▸ **TASK OBJECTIVE**: Look below for the lines from the one with "Nearly Natural 9'" to the one with "تیشرت باکسی چاپی miumiu کاپلی کد 80303", and copy exactly those lines, both ends included.

[Crawled caption data]
[Start of Attachment]

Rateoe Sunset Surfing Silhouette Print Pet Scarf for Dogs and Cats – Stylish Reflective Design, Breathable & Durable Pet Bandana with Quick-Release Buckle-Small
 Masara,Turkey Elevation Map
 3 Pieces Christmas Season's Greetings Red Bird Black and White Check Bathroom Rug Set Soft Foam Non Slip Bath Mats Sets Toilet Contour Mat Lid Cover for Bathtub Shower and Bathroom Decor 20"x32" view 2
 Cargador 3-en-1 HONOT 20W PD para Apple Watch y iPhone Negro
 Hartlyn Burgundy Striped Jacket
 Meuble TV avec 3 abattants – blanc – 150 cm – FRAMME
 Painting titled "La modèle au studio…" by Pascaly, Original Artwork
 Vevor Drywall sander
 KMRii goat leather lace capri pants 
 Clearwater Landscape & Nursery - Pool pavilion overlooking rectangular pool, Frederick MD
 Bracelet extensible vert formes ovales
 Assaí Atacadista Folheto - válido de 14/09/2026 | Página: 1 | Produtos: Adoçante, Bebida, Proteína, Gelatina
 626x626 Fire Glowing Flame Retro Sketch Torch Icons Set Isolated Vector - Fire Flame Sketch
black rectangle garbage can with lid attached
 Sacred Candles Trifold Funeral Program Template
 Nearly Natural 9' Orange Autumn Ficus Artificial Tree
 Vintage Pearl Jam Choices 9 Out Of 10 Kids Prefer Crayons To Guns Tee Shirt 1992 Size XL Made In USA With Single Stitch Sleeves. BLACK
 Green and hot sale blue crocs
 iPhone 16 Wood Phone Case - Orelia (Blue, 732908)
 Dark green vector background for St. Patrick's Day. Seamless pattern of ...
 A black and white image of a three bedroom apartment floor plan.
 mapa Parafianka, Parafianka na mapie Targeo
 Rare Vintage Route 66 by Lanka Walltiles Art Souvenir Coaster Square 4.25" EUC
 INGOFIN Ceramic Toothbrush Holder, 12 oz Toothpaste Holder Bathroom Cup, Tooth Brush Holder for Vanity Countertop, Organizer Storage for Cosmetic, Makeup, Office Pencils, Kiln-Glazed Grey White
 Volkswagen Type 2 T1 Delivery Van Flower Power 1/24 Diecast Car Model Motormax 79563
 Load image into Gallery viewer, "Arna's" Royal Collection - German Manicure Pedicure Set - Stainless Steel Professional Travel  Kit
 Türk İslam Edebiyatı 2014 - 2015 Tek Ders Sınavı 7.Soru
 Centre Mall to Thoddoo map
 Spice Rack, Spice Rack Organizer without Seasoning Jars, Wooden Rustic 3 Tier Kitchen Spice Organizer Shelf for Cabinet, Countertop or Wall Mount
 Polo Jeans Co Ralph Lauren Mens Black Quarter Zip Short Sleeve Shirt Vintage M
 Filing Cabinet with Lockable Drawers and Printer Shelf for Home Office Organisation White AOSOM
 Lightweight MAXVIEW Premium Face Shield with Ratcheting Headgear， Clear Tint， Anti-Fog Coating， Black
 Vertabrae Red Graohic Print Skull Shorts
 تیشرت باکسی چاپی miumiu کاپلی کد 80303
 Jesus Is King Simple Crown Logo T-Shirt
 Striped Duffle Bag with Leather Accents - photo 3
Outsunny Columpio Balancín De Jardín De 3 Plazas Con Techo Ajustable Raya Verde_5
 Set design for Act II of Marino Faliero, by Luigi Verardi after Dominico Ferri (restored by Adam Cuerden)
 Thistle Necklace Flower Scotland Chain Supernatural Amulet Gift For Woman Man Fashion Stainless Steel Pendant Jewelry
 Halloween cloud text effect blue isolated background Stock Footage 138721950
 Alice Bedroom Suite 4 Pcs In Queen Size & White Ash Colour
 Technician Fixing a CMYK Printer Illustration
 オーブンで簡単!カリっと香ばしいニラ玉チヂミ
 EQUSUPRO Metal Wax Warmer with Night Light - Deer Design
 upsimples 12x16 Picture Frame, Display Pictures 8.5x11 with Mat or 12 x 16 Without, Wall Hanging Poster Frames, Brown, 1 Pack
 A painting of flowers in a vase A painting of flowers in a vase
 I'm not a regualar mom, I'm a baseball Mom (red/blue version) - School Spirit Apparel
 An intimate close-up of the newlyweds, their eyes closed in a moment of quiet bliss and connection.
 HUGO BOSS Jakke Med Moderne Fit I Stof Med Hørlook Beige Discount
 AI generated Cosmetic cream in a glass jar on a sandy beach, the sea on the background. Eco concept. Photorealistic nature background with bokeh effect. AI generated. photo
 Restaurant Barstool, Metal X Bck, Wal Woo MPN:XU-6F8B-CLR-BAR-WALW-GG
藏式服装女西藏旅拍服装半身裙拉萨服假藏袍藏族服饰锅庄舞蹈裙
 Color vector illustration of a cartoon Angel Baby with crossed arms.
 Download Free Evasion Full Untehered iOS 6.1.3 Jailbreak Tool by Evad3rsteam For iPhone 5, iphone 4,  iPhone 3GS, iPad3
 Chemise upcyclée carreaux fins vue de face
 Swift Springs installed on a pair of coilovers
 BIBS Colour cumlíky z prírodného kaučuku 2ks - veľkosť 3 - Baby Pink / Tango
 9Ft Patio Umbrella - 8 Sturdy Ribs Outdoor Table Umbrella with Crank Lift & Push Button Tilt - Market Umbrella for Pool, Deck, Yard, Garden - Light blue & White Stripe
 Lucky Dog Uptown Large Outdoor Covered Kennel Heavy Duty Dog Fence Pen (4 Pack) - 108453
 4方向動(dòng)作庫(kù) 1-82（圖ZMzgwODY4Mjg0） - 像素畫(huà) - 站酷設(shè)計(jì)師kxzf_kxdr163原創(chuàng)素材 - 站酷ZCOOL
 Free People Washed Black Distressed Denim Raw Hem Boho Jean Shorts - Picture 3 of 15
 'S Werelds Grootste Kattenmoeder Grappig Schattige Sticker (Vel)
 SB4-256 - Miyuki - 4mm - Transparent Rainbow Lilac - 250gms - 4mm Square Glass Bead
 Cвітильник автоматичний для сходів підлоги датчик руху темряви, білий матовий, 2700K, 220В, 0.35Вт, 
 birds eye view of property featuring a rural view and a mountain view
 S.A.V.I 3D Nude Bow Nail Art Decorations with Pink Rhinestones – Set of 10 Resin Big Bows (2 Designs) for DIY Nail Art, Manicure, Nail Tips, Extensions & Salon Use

[End of Attachment]

▸ **ANSWER TO THIS TASK**:
 Nearly Natural 9' Orange Autumn Ficus Artificial Tree
 Vintage Pearl Jam Choices 9 Out Of 10 Kids Prefer Crayons To Guns Tee Shirt 1992 Size XL Made In USA With Single Stitch Sleeves. BLACK
 Green and hot sale blue crocs
 iPhone 16 Wood Phone Case - Orelia (Blue, 732908)
 Dark green vector background for St. Patrick's Day. Seamless pattern of ...
 A black and white image of a three bedroom apartment floor plan.
 mapa Parafianka, Parafianka na mapie Targeo
 Rare Vintage Route 66 by Lanka Walltiles Art Souvenir Coaster Square 4.25" EUC
 INGOFIN Ceramic Toothbrush Holder, 12 oz Toothpaste Holder Bathroom Cup, Tooth Brush Holder for Vanity Countertop, Organizer Storage for Cosmetic, Makeup, Office Pencils, Kiln-Glazed Grey White
 Volkswagen Type 2 T1 Delivery Van Flower Power 1/24 Diecast Car Model Motormax 79563
 Load image into Gallery viewer, "Arna's" Royal Collection - German Manicure Pedicure Set - Stainless Steel Professional Travel  Kit
 Türk İslam Edebiyatı 2014 - 2015 Tek Ders Sınavı 7.Soru
 Centre Mall to Thoddoo map
 Spice Rack, Spice Rack Organizer without Seasoning Jars, Wooden Rustic 3 Tier Kitchen Spice Organizer Shelf for Cabinet, Countertop or Wall Mount
 Polo Jeans Co Ralph Lauren Mens Black Quarter Zip Short Sleeve Shirt Vintage M
 Filing Cabinet with Lockable Drawers and Printer Shelf for Home Office Organisation White AOSOM
 Lightweight MAXVIEW Premium Face Shield with Ratcheting Headgear， Clear Tint， Anti-Fog Coating， Black
 Vertabrae Red Graohic Print Skull Shorts
 تیشرت باکسی چاپی miumiu کاپلی کد 80303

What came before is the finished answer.